A panel of international experts discussed the opportunities and challenges that AI can bring to a range of business sectors.
Artificial intelligence (AI) has the potential to transform customer experience, said a panel of leading experts during a special reception hosted by AGBI at the Capital Club Dubai, DIFC, on 15 November.
The event welcomed an audience of senior business leaders from across the UAE to explore emerging trends, opportunities, and challenges brought on by the advancement of AI, as well as the best ways for businesses to navigate its widespread influence on people, processes, products, and productivity.

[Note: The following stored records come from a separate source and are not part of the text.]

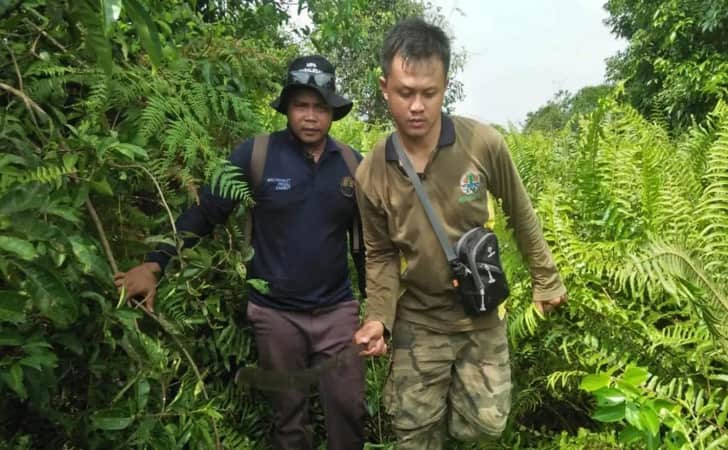 Perbaikan-lahan-mangrove.jpg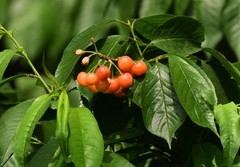 2026花卉植物赏析———樱桃【6】
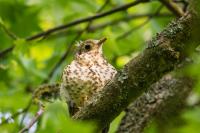 Turdus viscivorus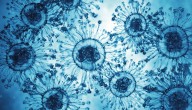 Plague case confirmed in California: What to know about the rare disease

The discussion was led by Michael Bayler, a strategy consultant and author, who was joined by a panel of international AI specialists – including Mario Rizk, a principal in Oliver Wyman’s Digital Practice; Jessica Groopman, a Silicon Valley-based analyst; Professor Neil Maiden, the current director of the UK’s National Centre for Creativity enabled by AI (CebAI); and Noel Tock, a technologist and founder of digital experience agency, Human Made.
In their discussion of key narratives framing public perception of AI in the workplace, the panelists identified customer experience (CX) as a key field that would undergo a transformation thanks to AI, notwithstanding the challenges of aggregating a single organization’s huge volume of data into a single platform, and associated data security challenges.
“I think it’s very tempting to replace individual pieces of workflows with AI, and this is not necessarily the best outcome for customers,” said Noel Tock, who counts AirBnb, TechCrunch, and Siemens among his agency’s clients.
“What is the best outcome for customers? Being able to send the right message, to the right person, at the right time.
“There’s a great opportunity [with AI] to go back to the first principles of what is your ideal customer, who are they, spending time with them, and then working back from there.”
Michael Bayler agreed, citing the $600 billion value of the global CX market.
“Anticipating a possible customer need, looking at where customers are in context, and then being able to feed them real-time solutions [is key] to data and digital customer service, but there are basic fundamental attitude problems to resolve in the customer service market before we can move forward,” he said.
Jessica Groopman highlighted other narratives that will shape the CX space, including acceleration and building, as well as their combined impact on the democratization of knowledge at an organizational level.
Mario Rizk added, “There’s a new set of algorithms around large-language models, and consumer expectations…and experience will change, and this change will drive product and market change. At the same time, there are conversations about how to resist the rabbit hole of AI. This is the concern.”
The solution doesn’t lie in resisting AI, though, but in learning to leverage its capabilities to foster creative problem-solving across business operations.
“Creativity and creative problem solving isn’t something that happens occasionally,” said Professor Neil Maiden.
“It’s embedded in the world. Combining generative AI technologies with machine learning, creative search, and old-fashioned, symbolic AI enables us to come up with new architecture that can deliver augmentations to creative problem-solving.
“What we’ve done is bring all these technologies together to prompt business leaders to be more creative and solve problems in more creative ways.
“Creativity is often seen as a trade-off with productivity, but our observation with these technologies is that there’s a sweet spot with both,” he added.
As AI continues to drive new approaches to creativity within businesses, individuals need to maintain their sense of purpose, agreed the panelists.
“There’s something fundamental about how we define ourselves. Often, an idea we generate is an extension of ourselves. So, it’s really important [with the adoption of AI] that ownership remains with the people,” said Professor Maiden.
This sense of purpose needs to extend beyond the individual to the organization, with leaders carrying the responsibility of redefining corporate identity, echoed Bayler.
He added, “The incredible lack of leadership and what corporate purpose means has to be resolved, and there needs to be greater stewardship of purpose. The real question isn’t ‘what is your AI strategy?’, it’s ‘how is this strategy in service to our purpose?’ Purpose should be the primary lens through which we interrogate our approach.”